Ce n’est que des années plus tard, après moult consultations psychiatriques, que ma mère a enfin compris ce qui m'arrivait, que d’avoir été persécutée par ma gouvernante, plus affectueuse jusque que là que ma propre mère, et d’avoir porté un lourd secret, et ne pas avoir compris la réaction de mes parents, que tous mes repères se sont embrouillés et que je suis marquée par cet évènement parmi tant d’autres.

Mon frère, est resté renfermé sur lui-même et distant avec mes deux parents jusqu'à quitter la maison, il est revenu ces dernières années pour reprendre l’entreprise familiale et essayer, après s’être reconstruit, loin des siens de renouer avec ses frères et sœurs. Je vois qu’il est plus aisé pour lui d’être le frère de Mehdi ou d'Inès que d’être MON frère. On a mal au quotidien, et se le témoigne du regard mais il est toujours mon allié le plus fidèle dans les mauvaises passes.

Je ne sais pas pourquoi, j’ai fais aujourd’hui cette immersion dans mon passé, mais parfois on me demande pourquoi il existe une telle distance entre ma mère et moi, peut être que certains l’auront compris, par cet incident isolé parmi tant d’autres, qui devient un vrai crime quand il est vécu par un enfant en pleine construction psychique.

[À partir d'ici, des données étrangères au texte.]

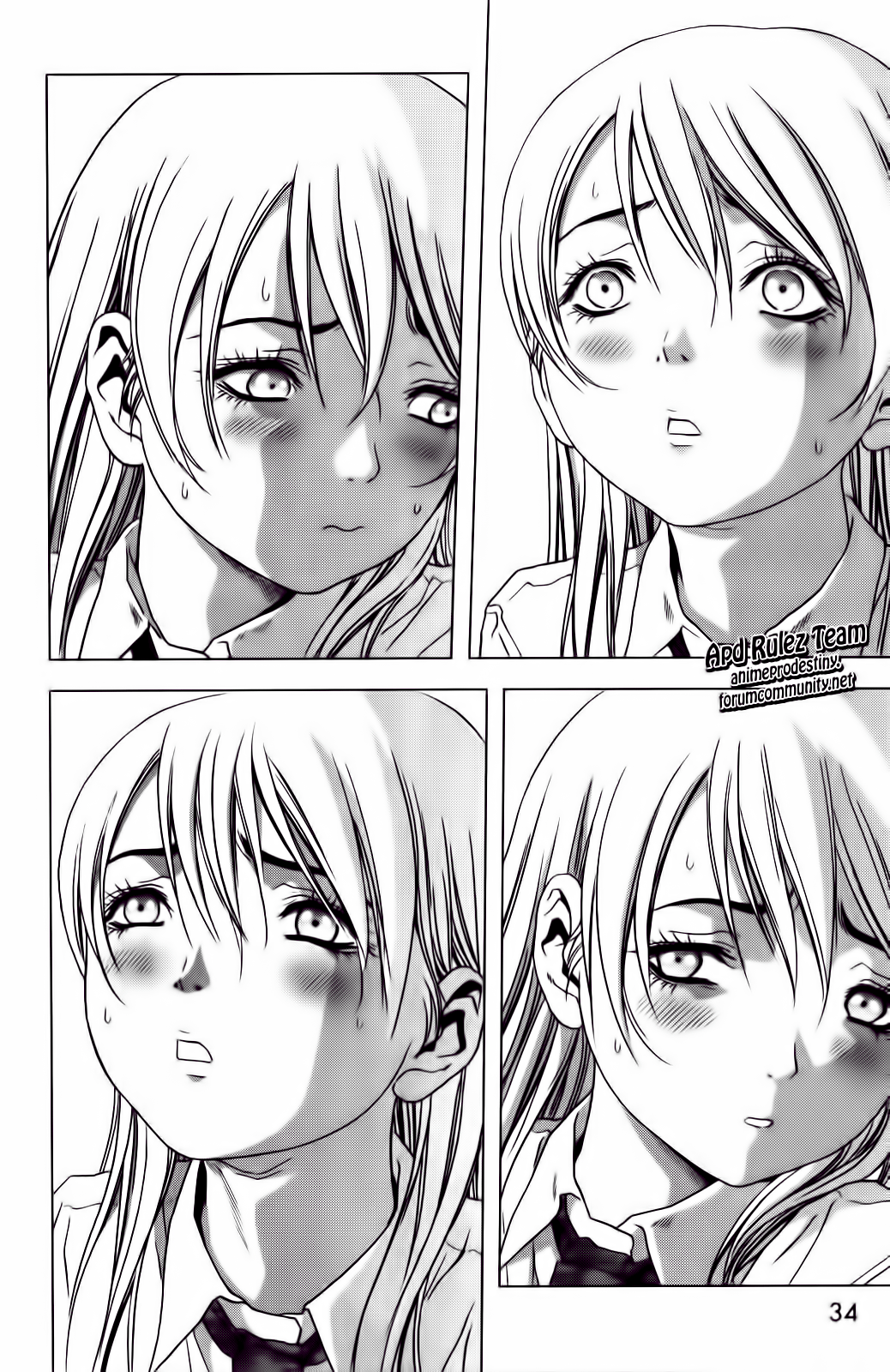 Read Btooom! En Manga Online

Et depuis j'ai le goût du secret, ou plutôt le poids du secret... Je n'ai jamais pu me confier de peur de briser des liens, alors je n'ai pas pour habitude de le faire, mais quand on vient se confier à moi, j'ai tellement peur de briser ces même liens que pour moi, savoir se taire est une grande vertu et forme d'élégance.